So I figure I’d better use it while I’ve got it.
I’ve been deeply interested in local trips, partly out of simplicity, but mostly out of desire for filling in blank spots on the map and connecting canyons and roads under my own power. Getting to know my home. In the last year it’s become increasingly obvious how lucky I am to live in this proximity to the mountains, that I can find contentment so quickly out the front door without touching car keys. Doing it in this style means more and more to me.
Getting to and from the canyon by bicycle is not much to speak of, other than that it possibly wins some amount of “style” points (in some circles known as stupidity) and that it must be factored into the cumulative fatigue of logistics planning. It’s one thing to do a hard canyon, another to be somewhat tired going in and know that your work will not be done at the end. The 35 miles to the trailhead was uneventful, save for being quite fortunate to hit overcast skies for the ~3000′ climb into the mountains. The 35 miles home was hot and slow for the first ten miles, graced with a tailwind that exactly matched my rolling speed, leaving me in dead air and heat radiating off the road. I walked as much of the uphill on the ride out, figuring 2.7 MPH pushing was just as good as 3.2 pedaling on the bike. When it’s that steep, what’s the point? Not to mention a bad case of chafing aggravated by pedaling due to wearing shorts with a soaking wet chamois through the entire push. I won’t do that again. But the final 25 miles were a neck-stiffening, nonstop 30+ MPH downhill; no complaints there, save for being buzzed by 4x4s too close for comfort and too many times on HWY 39. The downhill was another almost comical moment to reflect upon how the mind tends to want to be anywhere but where it is, hopping like a flea and grasping for whatever it can find. When climbing you dream of descents; when the neck stiffens on descents, you dream of getting off the bike…
And then there are those precious moments when you shut all that noise down and embrace whatever is happening because you’re simply alive.
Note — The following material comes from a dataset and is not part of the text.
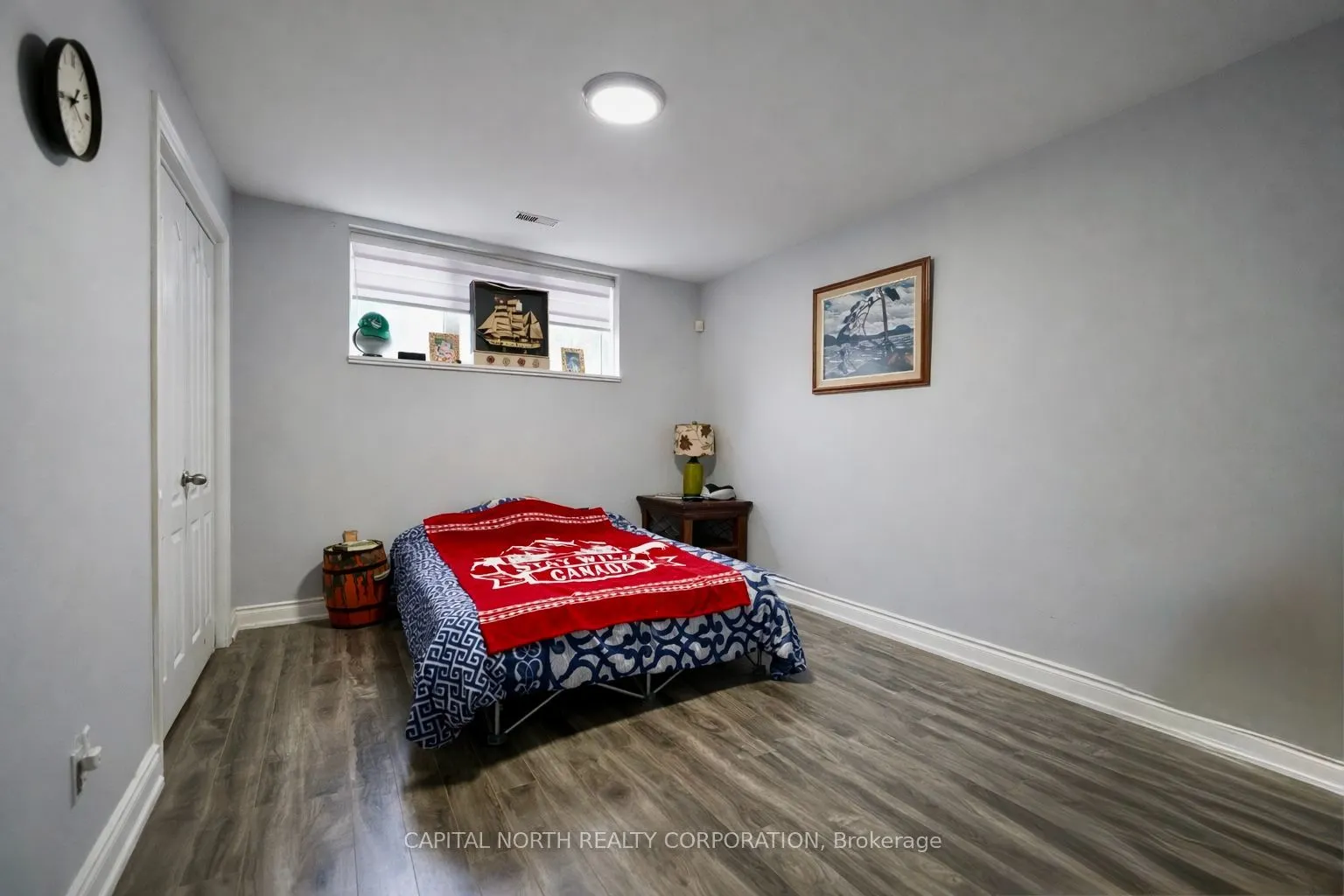 8 Downer Crescent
The real work was in the canyon, on foot. Mileage is all over the place; Harrison maps place the canyon at about 16 miles. CalTopo says the route is a bit over 14. Google Earth closer to 20. Regardless, all of the riding I was hoping to be able to do was quickly shut down and I found myself pushing continually from the first miles. And soon the terrain was rough enough that pushing became the wrong descriptor. Pushing implies the bike is working with me and rolling…but this was a battle. Bowling ball sized rocks, tangles, blowdowns, countless river crossings, and occasional boulders the size of cars, requiring pressing the bike overhead and climbing them.
The stupidity of pushing the bike through this canyon grew quite strong, pace being reduced to 1 MPH at best. Crossings were deep and fast enough in places that the bike was knocking me over if when I foolishly placed it upriver. In most places the canyon became so choked that walking in the river became the only reasonable choice; the banks only offered thorns, punctured tires, snags, and scratched up legs. So a good deal of the hike became stumbling through submerged boulders in knee deep water, dragging the bike at my side, and hiking through an overgrown tunnel that the river cut through the trees. A perfect way to be trapped for a bear encounter.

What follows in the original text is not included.